Task item
Drop the images; return everything else in the listing below exactly.

Dataset content
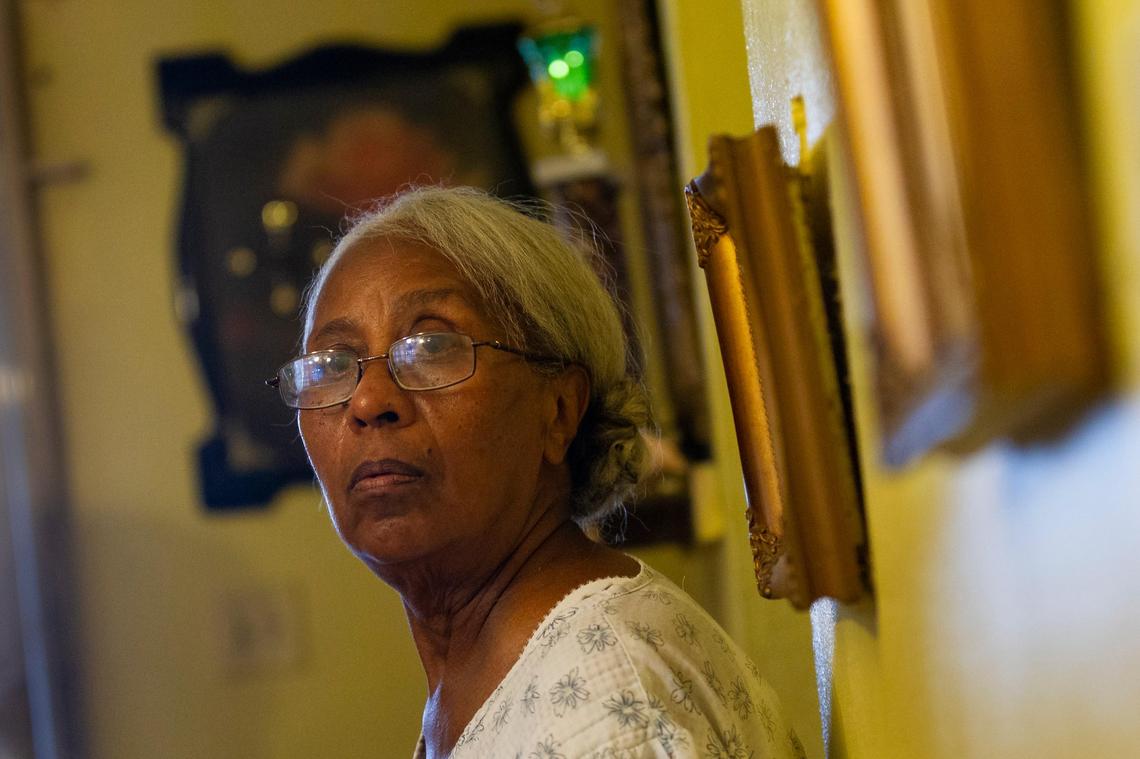 Herminia Rivera (checking) lives in a home in Barriada Bitumur in San Juan, Puerto Rico where the roof leaks because of severe damage from Hurricane Maria on August 24, 2018.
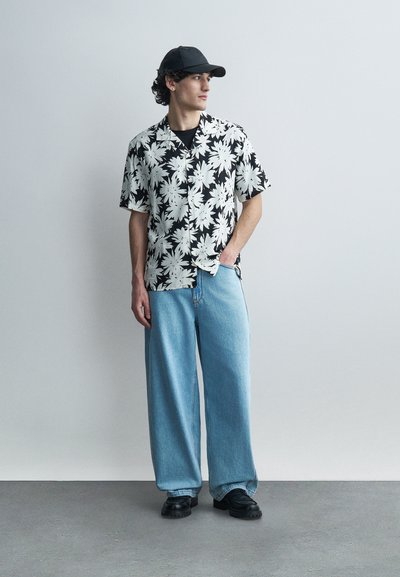 Jeune homme portant une casquette noire, une chemise à manches courtes florale noir et blanc, un jean large bleu clair et des chaussures noires, debout contre un mur uni.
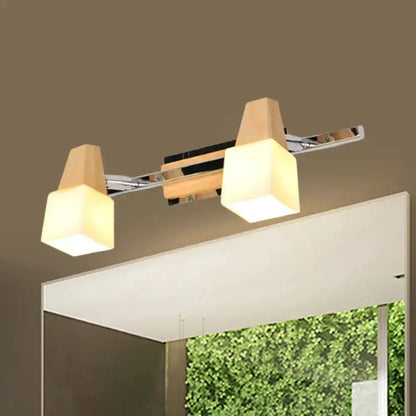 Modern chrome and wood cube vanity light fixture with frosted cube shades mirror Decorbites on Tampa Home & Garden Store
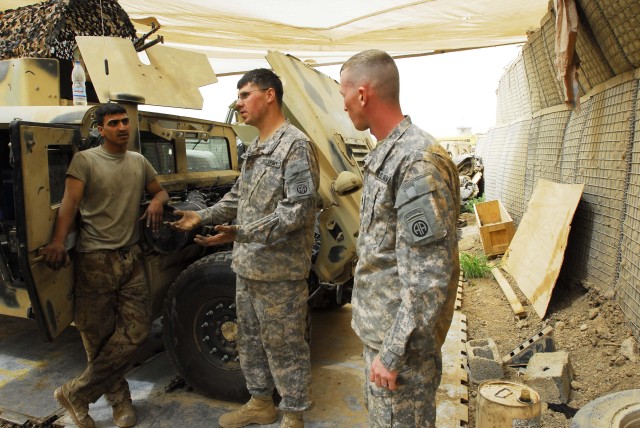 BAGHDAD - Mechanics Staff Sgt. Denis Mcfall, who hails from Point Pleasant, W. Va. and Marietta, Ohio native, Sgt. Robert Knotts, both from Company E, 1st Battalion, 505th Parachute Infantry Regiment, discuss vehicle maintenance with Iraqi Army...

Output
 Herminia Rivera (checking) lives in a home in Barriada Bitumur in San Juan, Puerto Rico where the roof leaks because of severe damage from Hurricane Maria on August 24, 2018.
 Jeune homme portant une casquette noire, une chemise à manches courtes florale noir et blanc, un jean large bleu clair et des chaussures noires, debout contre un mur uni.
 Modern chrome and wood cube vanity light fixture with frosted cube shades mirror Decorbites on Tampa Home & Garden Store
 BAGHDAD - Mechanics Staff Sgt. Denis Mcfall, who hails from Point Pleasant, W. Va. and Marietta, Ohio native, Sgt. Robert Knotts, both from Company E, 1st Battalion, 505th Parachute Infantry Regiment, discuss vehicle maintenance with Iraqi Army...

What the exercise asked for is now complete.